KABYLIE (TAMURT) – Le 17ème anniversaire du décès du monument du combat identitaire amazigh, Bessaoud Mohand-Arab, qui coïncide avec le 1er janvier, est passé complètement inaperçu dans toute la Kabylie cette année. Où sont passés ses anciens compagnons, ses anciens disciples, ses amis … ? Où est passé le mouvement associatif amazigh ? L’heure est désormais à l’amnésie et au reniement.

L’anniversaire de la mort de celui qui a été pour beaucoup dans l’éveil concernant la question amazigh grâce notamment à son combat, de manière inlassable, dans les rangs de l’académie berbère, n’a pas été commémoré. A-t-il été oublié ? Tout porte à croire que c’est le cas. Ce n’est pas du tout normal que l’anniversaire du décès d’un monument comme Bessaoud Mohand-Arab passe entièrement inaperçu. Il s’agit d’un véritable affront à l’encontre d’un homme exceptionnel connu pour son esprit libre et sa franchise et surtout pour sa détermination dans sa lutte pour que l’Etat algérien cesse de faire croire aux algériens qu’ils sont des Arabes.

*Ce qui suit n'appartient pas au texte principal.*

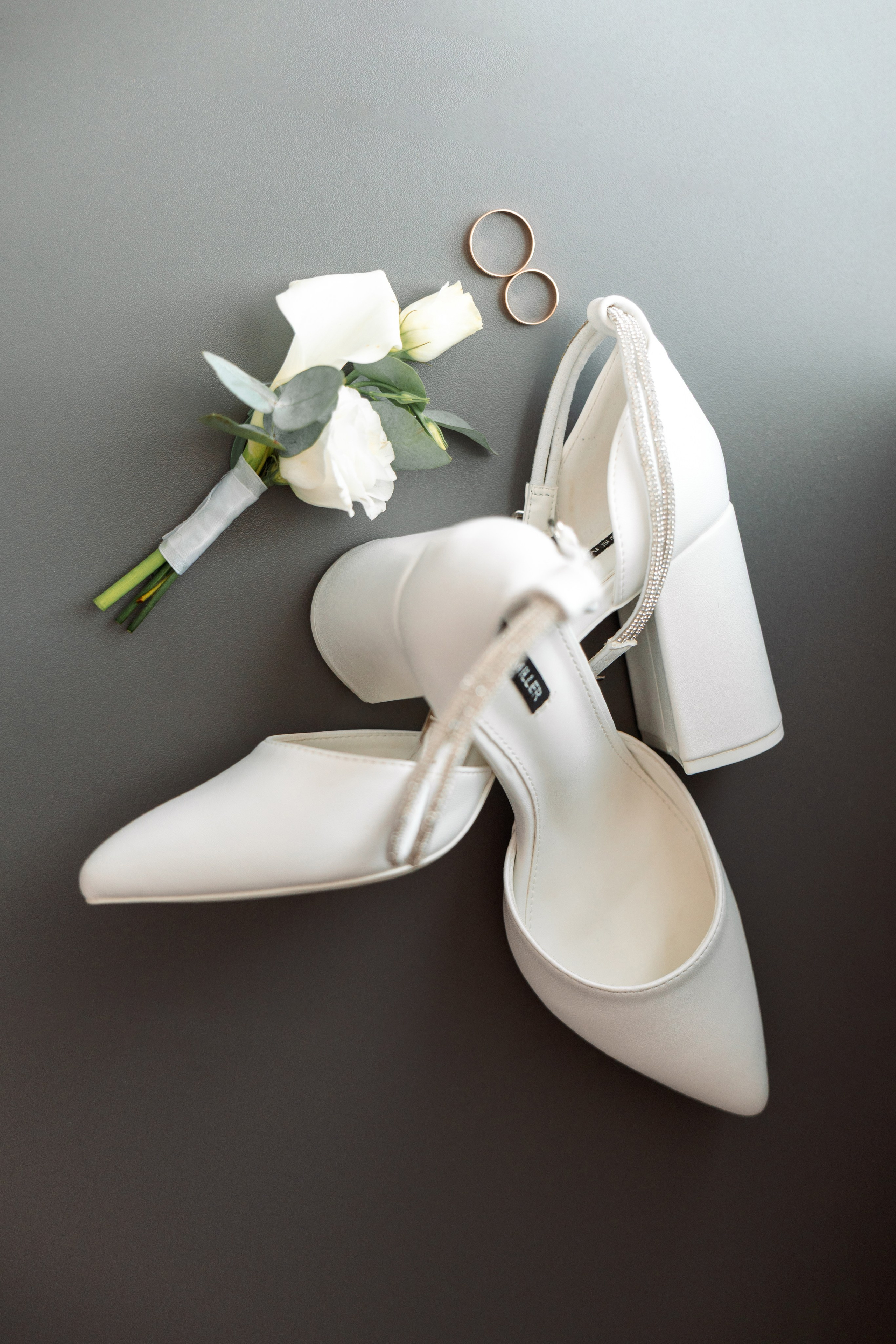 Полина и Кирилл. Фотограф новорожденных, семейный фотограф Брест Кристина Маслова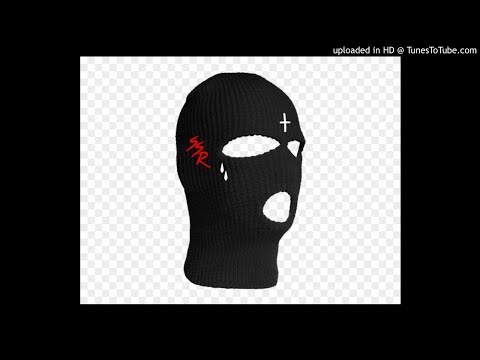 BabyYungin - Make Mine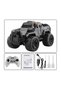 Mytoys Rechargeable Remote Control Spraying Car RC2002 Assorted Color - 8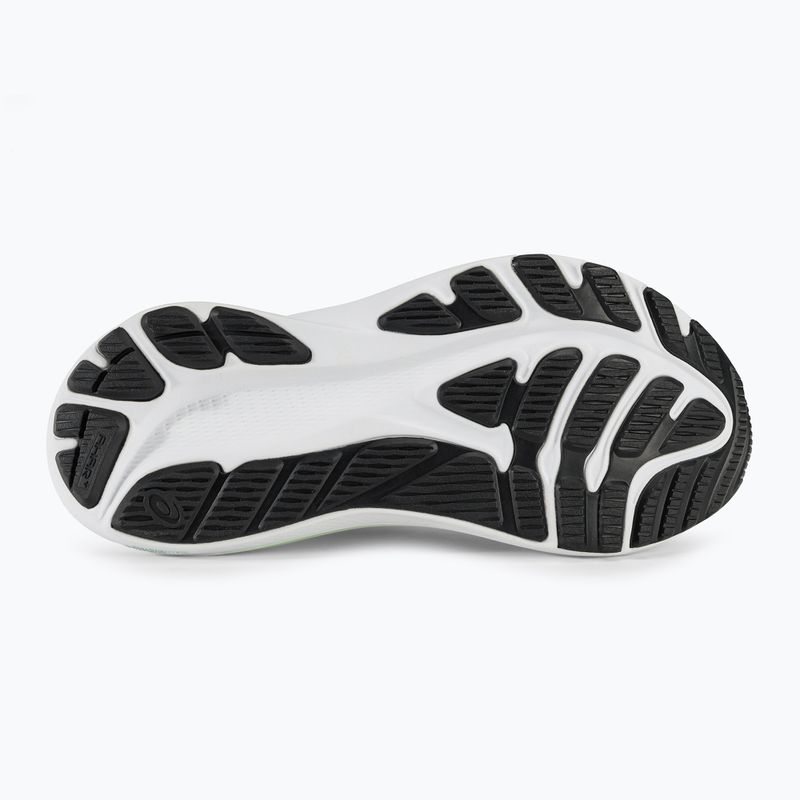 Női futócipő ASICS GT-2000 12 mint tint/dark mint 6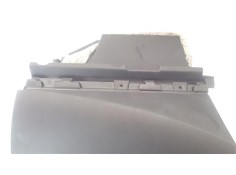Recambio de guantera salpicadero para peugeot 207 1.4 16v referencia OEM IAM 9654373777  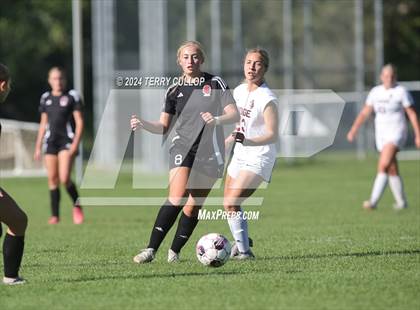 Thumbnail 1 in Northridge @ Bountiful photogallery.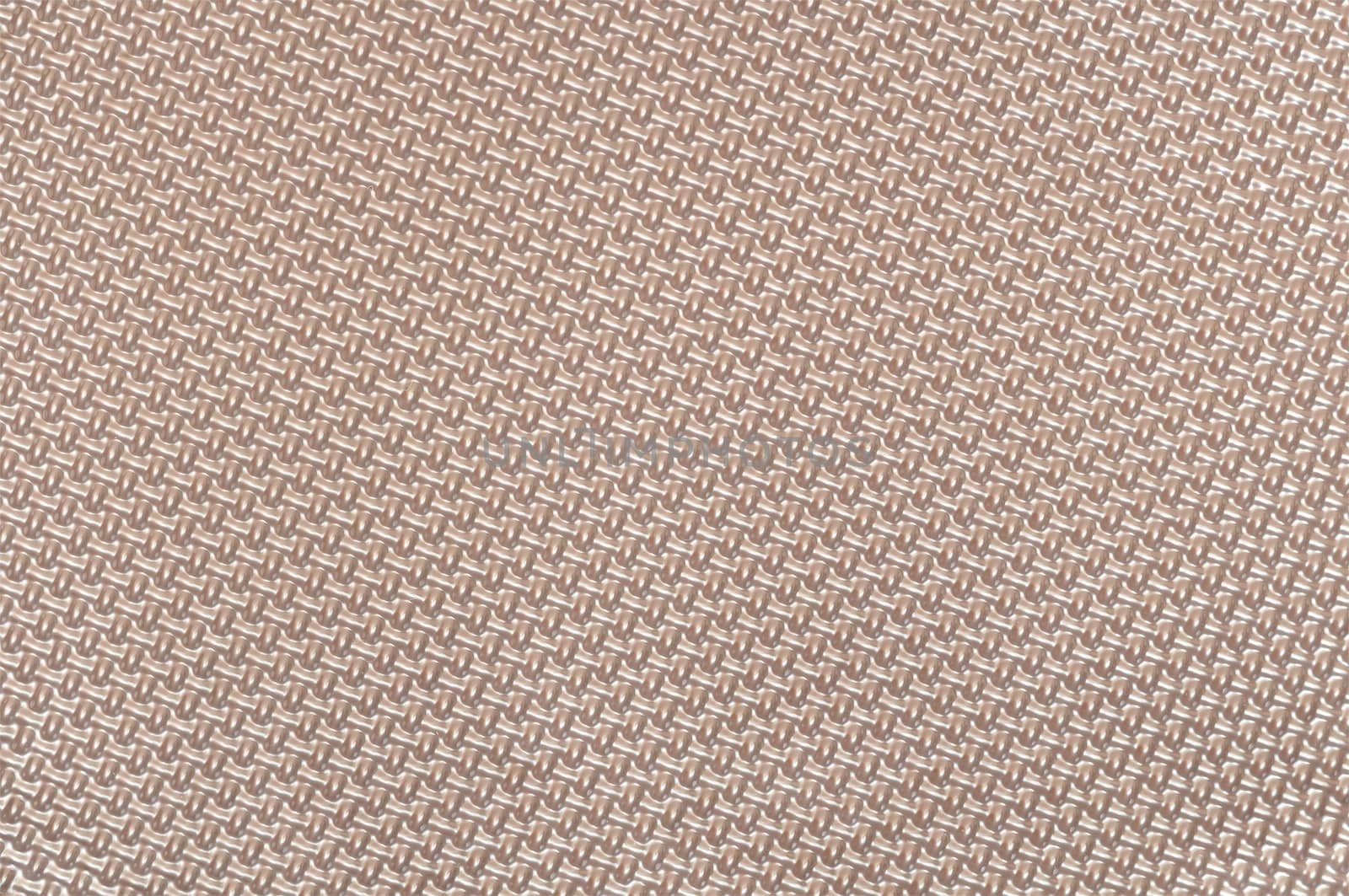 texture for use as a background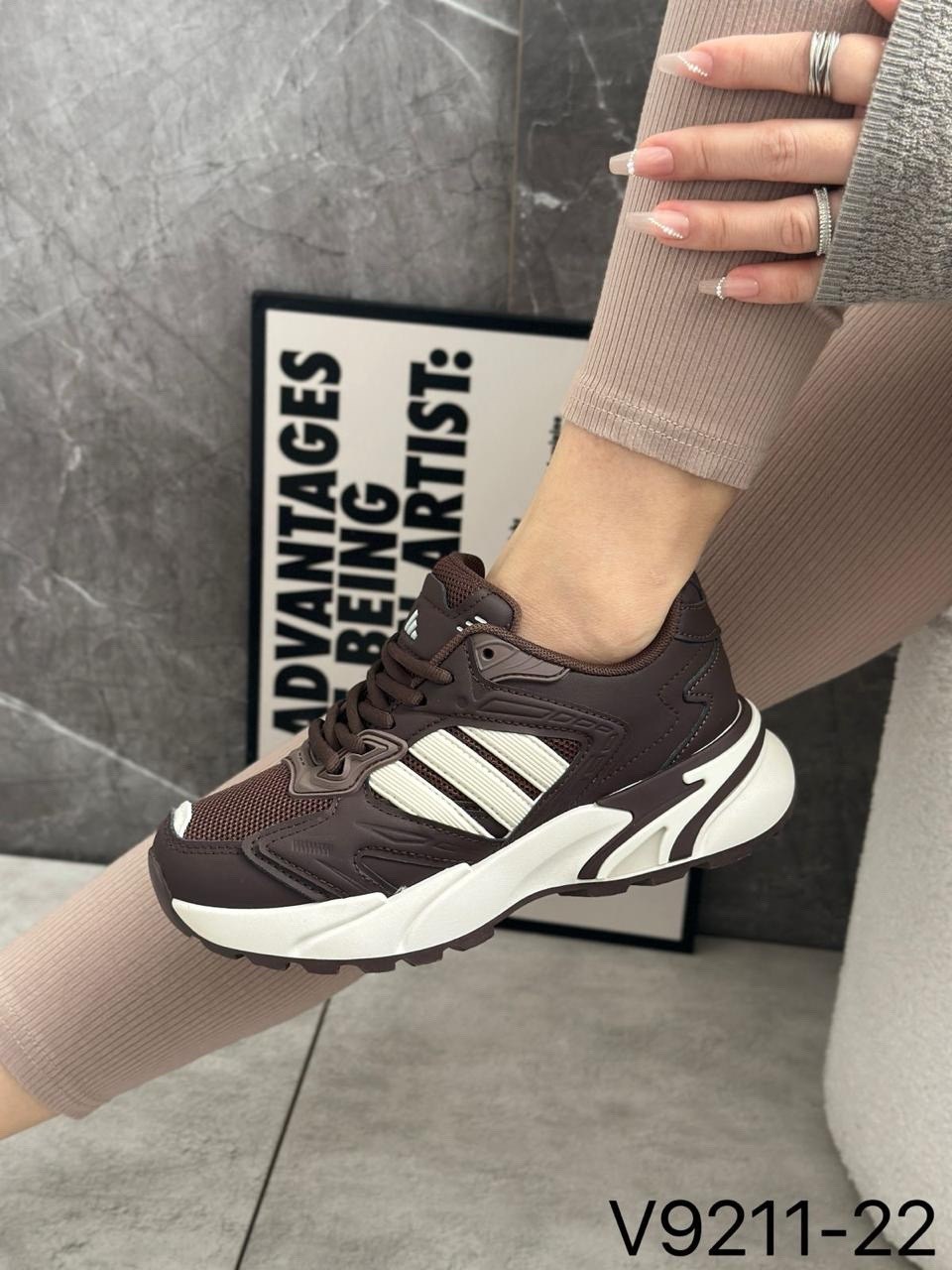 кроссовки,брендовые кроссовки,кроссовки женскиe,повседневные кроссовки,мужские кроссовки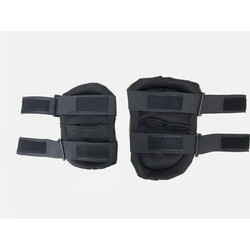 Фото: “Наколенники и налокотники TJ”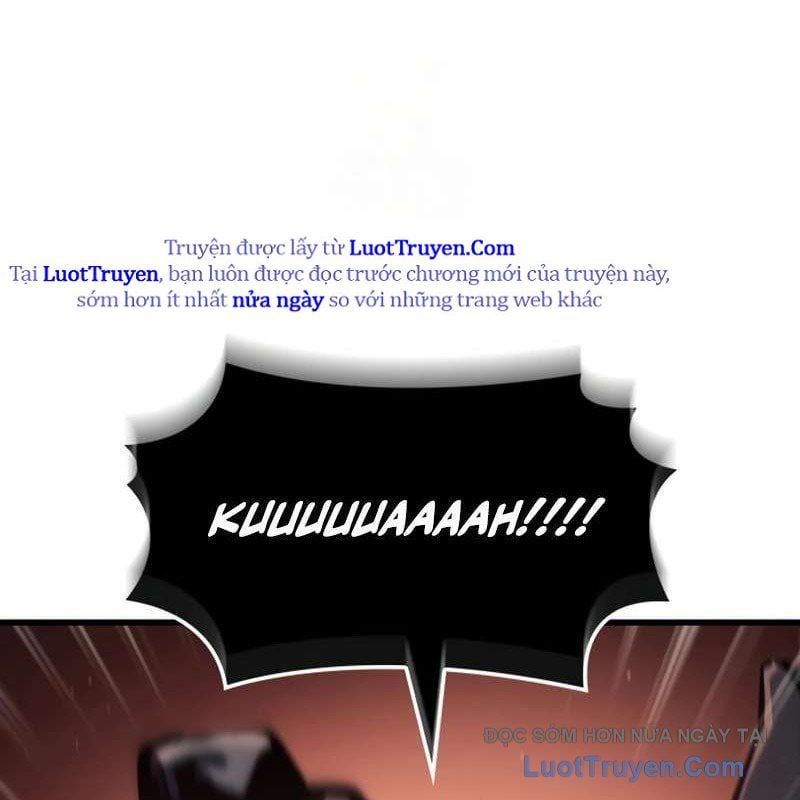 Breakers Chapter 27 - Trang 2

Bessaoud Mohand-Arab a été aussi, faut-il le rappeler, un ancien maquisard ayant contribué à la lutte armée contre le colonialisme français. Il est aussi un écrivain et auteur d’une dizaine de livres. Des livres qui dérangent toujours car ils regorgent de vérités et de faits avérés sciemment dissimulés aux Algériens. Parmi ses livres, on peut citer : « Heureux les martyrs qui n’ont rien vu », « FFS, espoir et trahison », « L’identité provisoire » et « De petites gens pour une grande cause, histoire de l’académie berbère ». Bessaoud était également poète et auteur de nombreux chants engagés et patriotiques. Mais c’est en tant que pilier et précurseur du combat pour la reconnaissance de l’identité berbère qu’il s’est distingué. C’est grâce à lui que de nombreux grands militants émergeront plus tard suite à ses campagnes en faveur de l’amazighité mais aussi contre l’idiologie arabe qui était en vogue en Algérie.

Le fait qu’aujourd’hui, les décideurs veulent effacer sa mémoire témoigne si besoin est que l’Algérie officielle refuse de reconnaitre les grands hommes dotés d’un esprit libre. A moins de pervertir leur combat comme le pouvoir algérien essaye de la faire, depuis quelque temps, avec Matoub Lounès en s’appuyant sur la complicité de quelques proches du rebelle.